=== REQUIREMENT ===
What the task requires is an exact printout of the listing below, pictures excluded.

━━━━━ DATA BELOW

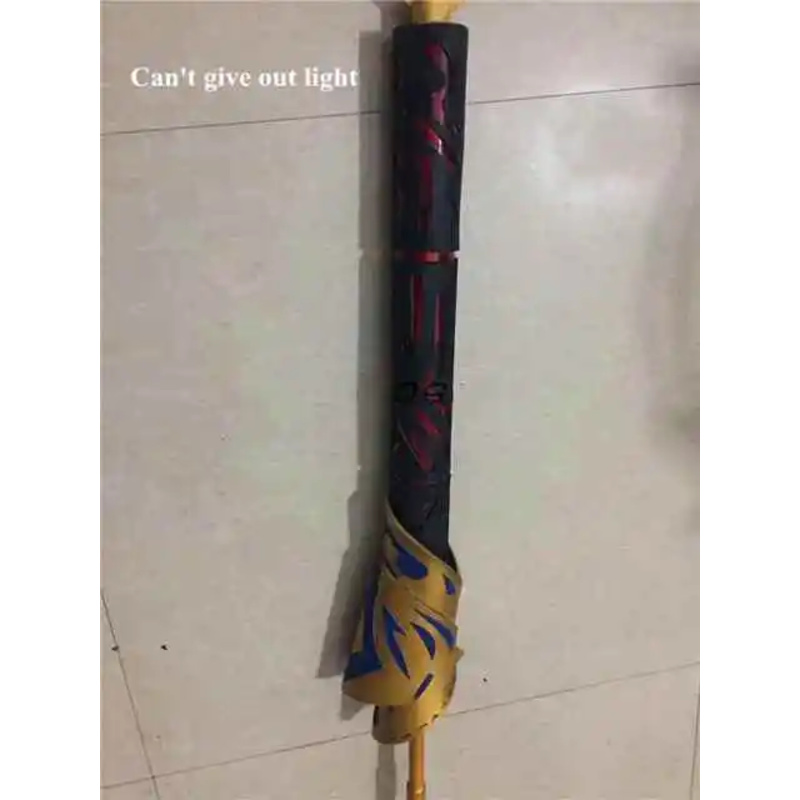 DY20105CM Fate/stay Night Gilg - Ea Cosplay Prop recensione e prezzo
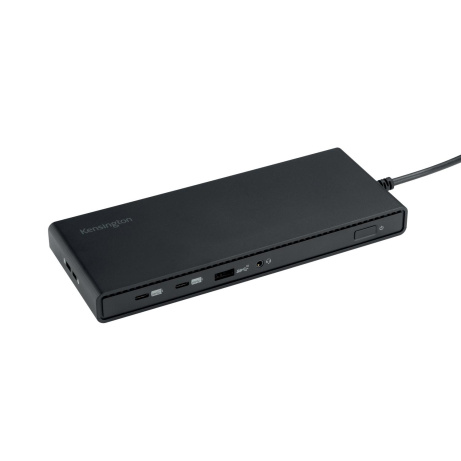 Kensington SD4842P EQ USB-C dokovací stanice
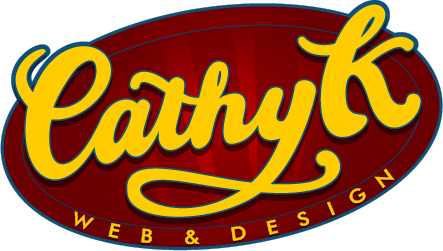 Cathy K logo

━━━━━━━━━━

=== EXERCISE RESULT ===
 DY20105CM Fate/stay Night Gilg - Ea Cosplay Prop recensione e prezzo
 Kensington SD4842P EQ USB-C dokovací stanice
 Cathy K logo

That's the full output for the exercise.